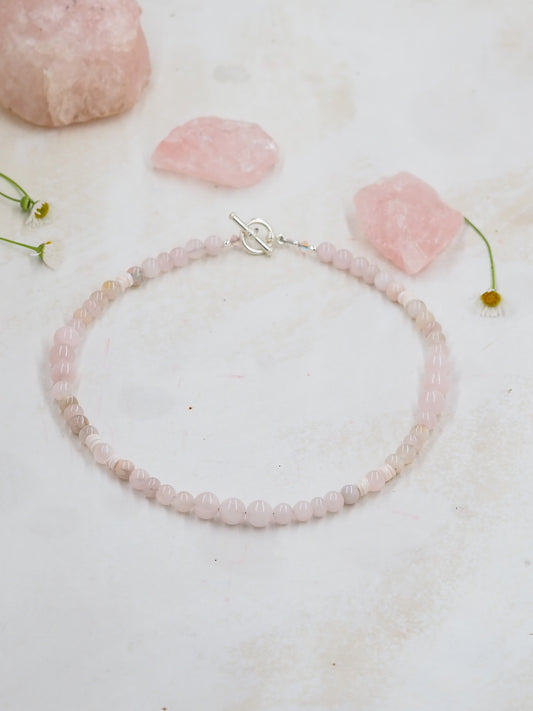 Rose Quartz Choker with Sakura Agate and Luhanos Shell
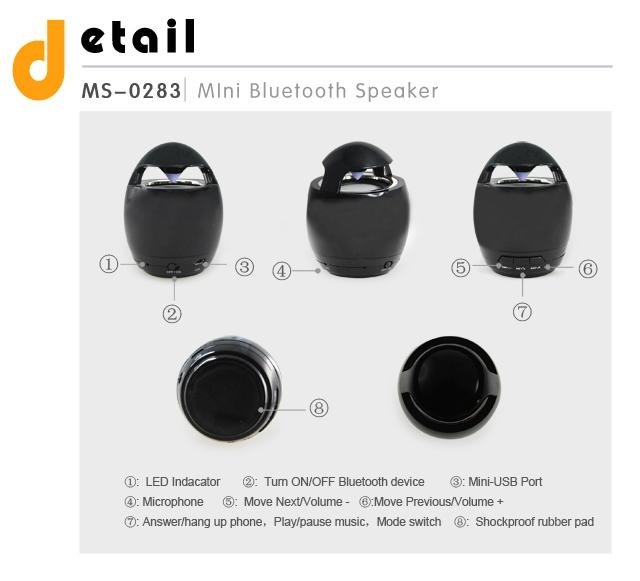 Hairong portable egg shape 3.0 EDR mini cute bluetooth speaker 3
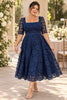 Penelope Plus Size Lace Square Neck Midi Dress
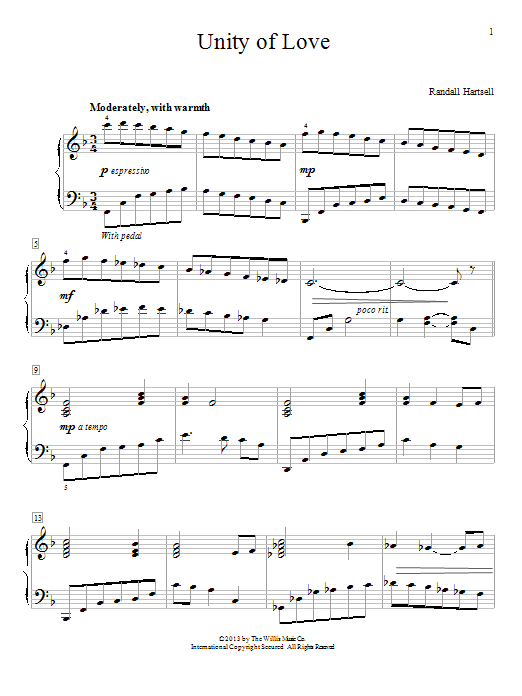 Download Randall Hartsell Unity Of Love Sheet Music and learn how to play Piano PDF digital score in minutes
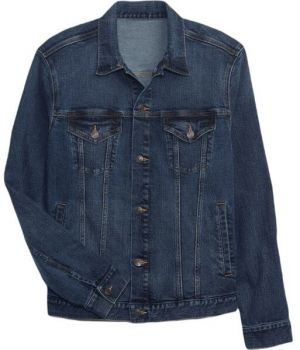 GAP V-DENIM Pánska bunda, tmavo modrá, veľkosť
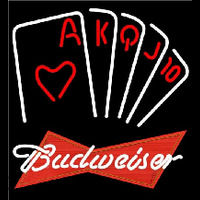 Budweiser Poker Series Beer Sign Neonskylt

========================================================================

An exact copy of every entry above is needed, with the pictures left out.

 Rose Quartz Choker with Sakura Agate and Luhanos Shell
 Hairong portable egg shape 3.0 EDR mini cute bluetooth speaker 3
 Penelope Plus Size Lace Square Neck Midi Dress
 Download Randall Hartsell Unity Of Love Sheet Music and learn how to play Piano PDF digital score in minutes
 GAP V-DENIM Pánska bunda, tmavo modrá, veľkosť
 Budweiser Poker Series Beer Sign Neonskylt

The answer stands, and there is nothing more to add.